Thursday 10 May 2007


By: Zeinab Peyqambarzadeh

Note: Zeinab Peyqambarzadeh was the first member of the Campaign to be arrested. She was arrested on Friday December 22, 2006 while distributing pamphlets on the metro and taken to Vozara Detention Center. She was subsequently released after spending 5 days in detention. Zeinab has since been arrested on two other occasions. She was among the 33 women arrested in front of the Revolutionary Courts in early April. In relation to this case, Zeinab was summoned to the Revolutionary Courts on May 7, and was arrested due to the fact that she was unable to post a bail of 20 Million Tomans. She is currently being held in Ward 3 of Evin prison. Zeinab wrote the following article based on her experience in Vozara detention center. Zeinab is also among many students whose registration at University has been suspended due to social and political activities. She is currently suspended from University but hopes to reenroll next term.

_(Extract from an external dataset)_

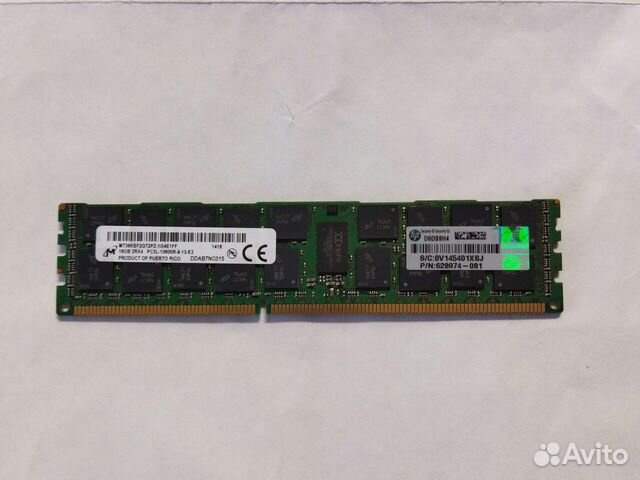 Оперативная память 16Gb DDR3 ECC 1333 для серверов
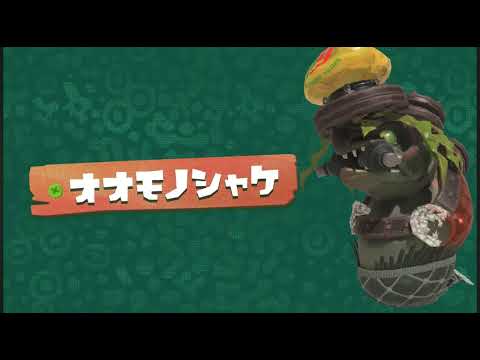 2026年7月13日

It seems like yesterday, but it was three years ago. “Who knows where Vozara Detention Center is?” asked my social science professor. “It is for holding those charged with corruption,” a veiled girl responded.

As usual, our professor began joking with the class. “Oh, so you have confessed. How long were you there?” The veiled girl tried to explain that her house was close to this detention center, but the Professor continued his banter. Afterwards, he began to tell us about the results of a research project he was engaged in, which examined the reaction of families whose daughters, accused of illicit sexual relations, had ended up at Vozara Detention Center. In those days, Vozara was unfamiliar to me and even its name seemed strange, but today, it is a place I know well and even at times I find myself missing it—missing the friends that I have made there and missing the invaluable experiences I gained during my stays in detention.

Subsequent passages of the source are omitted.